I hope you stick with Sofia; it sounds like the perfect name for your daughter.

The Schwant Family said...

I have to add that if your last name is uncommon it might be nice for her to have a more common first name so people don't get hung up on or have trouble remembering both of her names.

Ana said...

I am totally biased since my daughters middle name is Sophia :) I love name.

Patricia said...

I too have personal experience with the name because of my beautiful 15-year-old granddaughter Sophia Anne, called both Sophia and Sophie.

But objectively, this Greek origin name does seems perfect for a baby girl with a Greek surname and parents who "adore" the name Sofia.

And the name Sofia/Sophia has a long and excellent history:

"Sophia - Greek first name meaning 'wisdom' now common to numerous cultural traditions. St Sophia is a saint in the Eastern Orthodox Church... The name spread from Greece through Hungary to Germany and taken up by English speakers in the 17th century, promoted by James I's granddaughter Sophia Electress of Hanover (1630-1714), mother of George I. It reached a peak of popularity in the 18th century but suffered a decline from the late 19th century. Variant forms include Sofia..." "The name has been increasing in popularity since the 1990s." (UK dictionaries of first names)

Jenny Grace said...

I'm a Jennifer, and I'm very sensitive about name commonness as a result, because...GAH. JENNIFER. EVERYONE IS JENNIFER.

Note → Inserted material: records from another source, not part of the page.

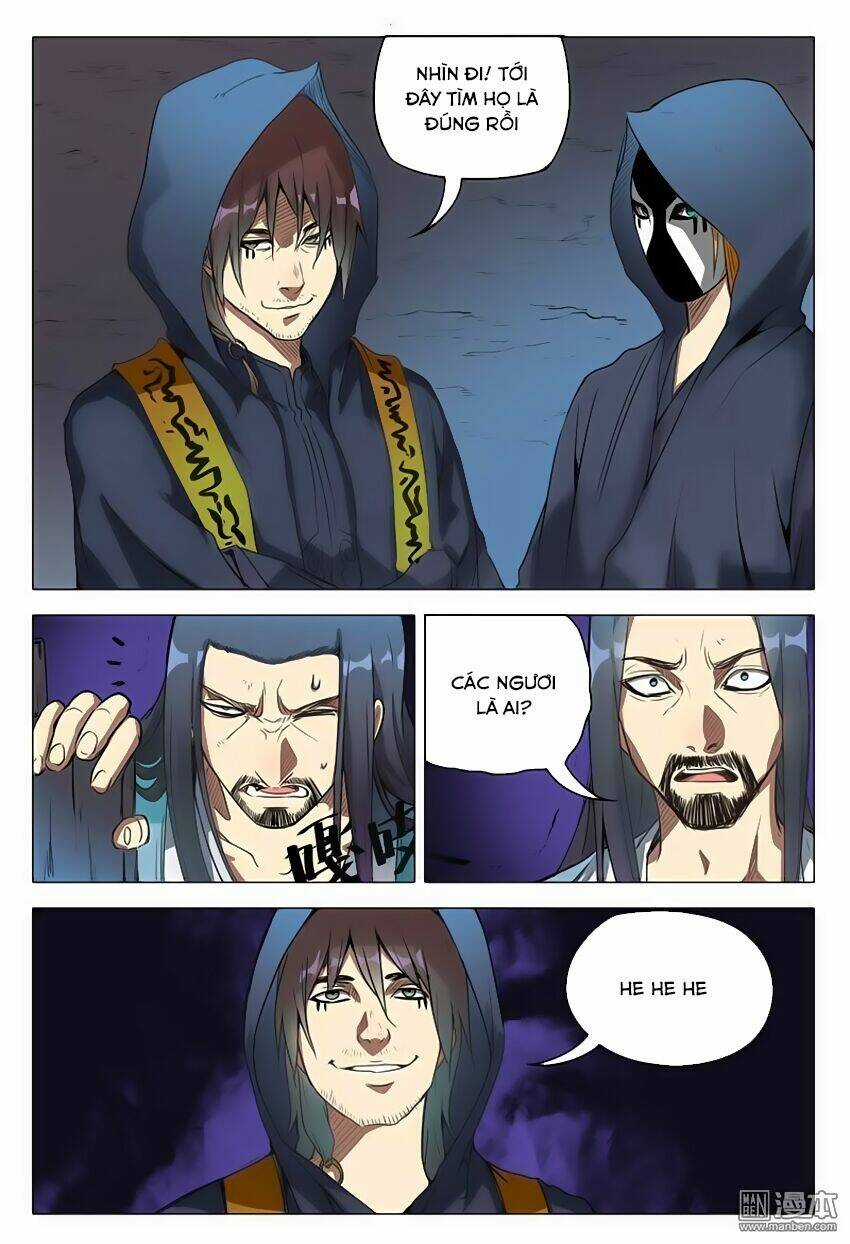 Vạn Giới Tiên Tung Chapter 116 trang 8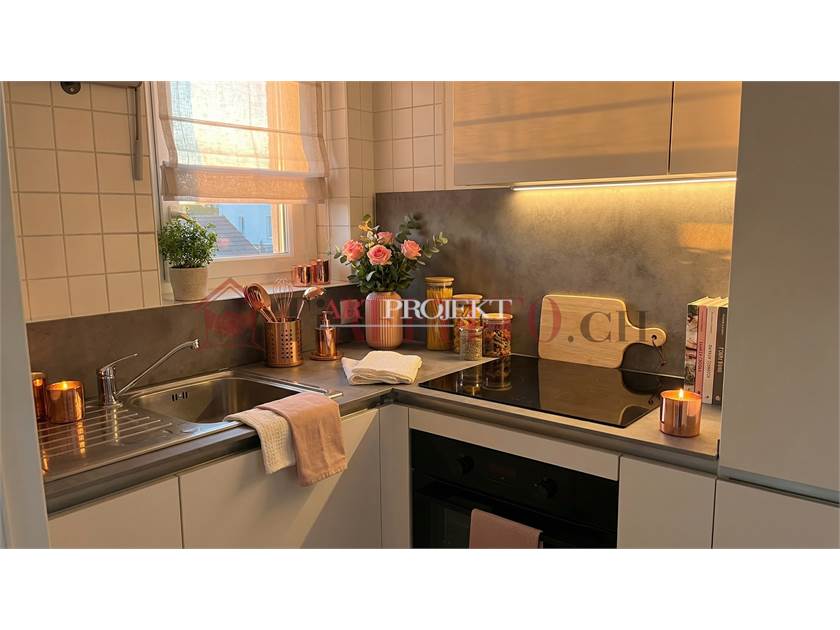 2-Zimmer-Wohnung in Mieten zu CHIASSO - Preis: 980 CHF / monat / ArtProjekt SA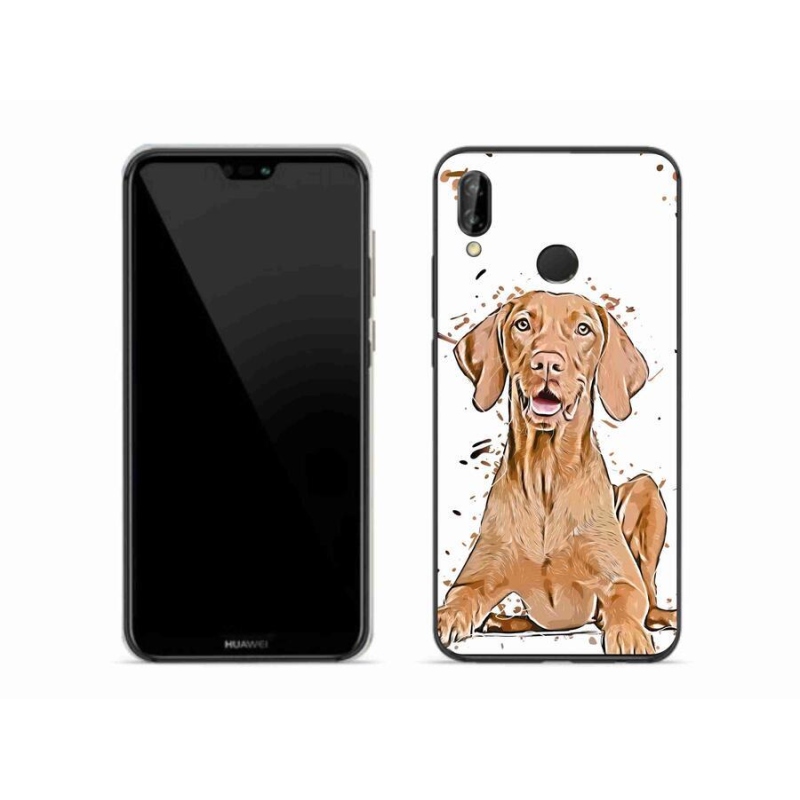 Gél borítás mmCase a Huawei P20 Lite készülékhez - maďar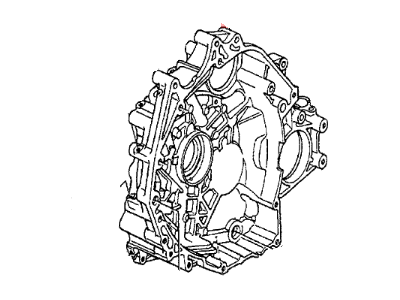 Honda 21110-PC9-950 Case, Torque Converter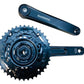 Triplato 9v 40-30-22T FC-MT101 170mm Shimano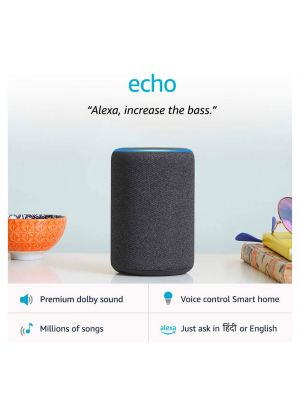 Echo Plus (2nd Gen) - Powered By Dolby, Built-In Smart Home Hub -  TVs, Video - Audio - 1747489087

But Swistle is right. There aren't as many PEOPLE who are named the top names today as compared to when I was born, because there are just MORE NAMES. So I don't think it's quite as big a deal.

kanah said...

You could always give here a MN that serves as a double Sofia Jane and call her by both. OR, which I think this is awesome, do something creative like Sofia Joanna and call her Sojo. I know a little girl name Sasonia who goes by Sassy. You could always use the nickname Scout if you really find Sofia to be common in your area. However, I too find it very sweet to say that her daddy named her. You are going to be crazy about her as soon as you see her no matter what her name is!

Susan said...

I vote for Sofia for your little bundle. One big advantage -- and I do consider this big -- is that when you tell people what you named her, everyone will break into joyful approval. No one will ever say, "What was that again? That's ... uh ... different" with their eyes darting about.

Kayt said...

My name is Katherine. It's not super common, but not unusual. In my thirty person English class in high school, I was one of six Kates. At my work, the only repeat name among my fifty person work group is April. I had only met one other April before starting work here. My sister is Amelia, and she went to a 100 person high school, with one other Amelia, whose last name even started with the same letter.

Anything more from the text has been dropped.